Les jeunes américains le jurent : ils lisent.  Ils ne vont pourtant plus à la bibliothèque, non : quel intérêt ? Internet suffit bien. Des millions de jeunes, comme par exemple Nadia Konyk, une Américaine de 15 ans, passent en moyenne six heures par jour sur Internet. À l’instar de beaucoup de jeunes américains, Nadia Konyk est connectée en moyenne 6 heures par jour. Elle fréquente les sites comme myyearbook.com (où elle met en jour son humeur), fanfiction.net et quizilla.com (sites de réseaux littéraires), ainsi que YouTube. Bien qu’elle lise des histoires en ligne, pour sa mère, une lecture plus "classique" serait préférable : "lire ouvre les portes vers d’autres lieux, (...) vers des cultures, des mondes, et des gens". Malheureusement, les histoires sur les sites comme fanfiction.net sont parsemées d’erreurs de grammaire  et d’orthographe. Nadia publie même ses propres histoires sur le site, et veut poursuivre des études d’anglais à l’université. Mais elle ne lit jamais de romans.

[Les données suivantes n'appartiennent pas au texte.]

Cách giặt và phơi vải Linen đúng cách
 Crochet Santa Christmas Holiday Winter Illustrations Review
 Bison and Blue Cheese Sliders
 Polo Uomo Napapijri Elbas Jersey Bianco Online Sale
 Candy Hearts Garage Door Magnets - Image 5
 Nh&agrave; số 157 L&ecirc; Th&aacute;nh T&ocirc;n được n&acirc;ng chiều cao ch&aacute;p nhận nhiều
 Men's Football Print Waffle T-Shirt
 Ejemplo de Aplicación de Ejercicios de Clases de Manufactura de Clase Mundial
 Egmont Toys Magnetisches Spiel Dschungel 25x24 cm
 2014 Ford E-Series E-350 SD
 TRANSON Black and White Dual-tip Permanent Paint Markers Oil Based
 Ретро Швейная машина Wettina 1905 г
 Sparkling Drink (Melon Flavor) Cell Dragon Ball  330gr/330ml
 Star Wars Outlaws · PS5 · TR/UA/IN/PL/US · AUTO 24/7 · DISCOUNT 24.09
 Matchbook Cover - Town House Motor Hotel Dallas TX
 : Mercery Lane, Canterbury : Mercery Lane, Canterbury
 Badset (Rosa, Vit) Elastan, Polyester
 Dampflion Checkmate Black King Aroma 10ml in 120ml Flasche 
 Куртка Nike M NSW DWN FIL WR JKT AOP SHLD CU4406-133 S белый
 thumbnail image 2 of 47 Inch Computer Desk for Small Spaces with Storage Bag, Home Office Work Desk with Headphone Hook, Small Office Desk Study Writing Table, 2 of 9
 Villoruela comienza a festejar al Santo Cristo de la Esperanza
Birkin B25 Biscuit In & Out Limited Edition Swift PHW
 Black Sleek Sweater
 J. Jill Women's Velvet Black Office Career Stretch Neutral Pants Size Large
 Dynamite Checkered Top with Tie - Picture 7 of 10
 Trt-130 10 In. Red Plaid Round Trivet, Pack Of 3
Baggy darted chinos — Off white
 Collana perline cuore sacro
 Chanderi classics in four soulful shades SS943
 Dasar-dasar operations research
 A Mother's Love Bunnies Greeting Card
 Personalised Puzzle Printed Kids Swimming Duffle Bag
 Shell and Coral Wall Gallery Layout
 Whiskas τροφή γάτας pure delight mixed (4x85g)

Les associations américaines ne cessent de débattre à propos des effets de la lecture numérique. Les partisans du web ont récemment proposé l’instauration d’une épreuve de compréhension d’un texte en ligne, mais si l’initiative a été suivie dans quelques pays, elle ne s’est pas encore concrétisée aux États-Unis. L’association National Endowment for the Arts (NEA, agence culturelle fédérale) a publié une enquête inquiétante : les résultats des examens de compréhension sont de plus en plus mauvais, même pour les enfants qui indiquent qu’ils lisent volontiers. Pour Dana Gioia, le dirigeant de la NEA, survoler des articles en ligne ne vaut pas lire un bon vieux bouquin. En outre, certains professeurs s’accordent à dire que les textes en ligne, comme la lecture qu’on en fait, sont superficiels.

D’autres préfèrent mettre en avant les bénéfices qu’induit la Toile sur les habitudes de lecture des jeunes gens, qui lisent en ligne au lieu de regarder la télévision, support désespérément vide de texte. Un professeur de Michigan State University souligne lui qu’Internet permet de multiplier des points de vue différents en un rien de temps, tandis que d’autres insistent sur l’aspect multimédia des informations en ligne (texte, audio, vidéo…). Par contre, pour Ken Pugh, chercheur de sciences cognitives à Yale, "lire un livre, en prenant le temps d’y réfléchir (…) enrichit plus l’intellect que feuilleter des petits articles en ligne". De plus, la qualité des informations que l’on trouve sur Internet est largement discutable, notamment en termes de fiabilité. L’expérience menée par Donald J. Leu est un cas d’école : ce chercheur de l’université du Connecticut a tout simplement inventé un animal dont il mit en ligne la description. 90 % des étudiants piégés y ont cru, et peu d’entre eux ont fait l’effort de pousser plus loin leur curiosité, ne serait-ce que pour vérifier la vraisemblance de ce qu’ils lisaient.

Il est clair que l’avis du ministère de l’Éducation américain va largement peser sur le débat.  Les élèves américains apprendront-ils à utiliser Internet à l’école ? Impossible à dire : la majorité des Américains fait confiance aux parents pour contrôler les pratiques de leurs enfants.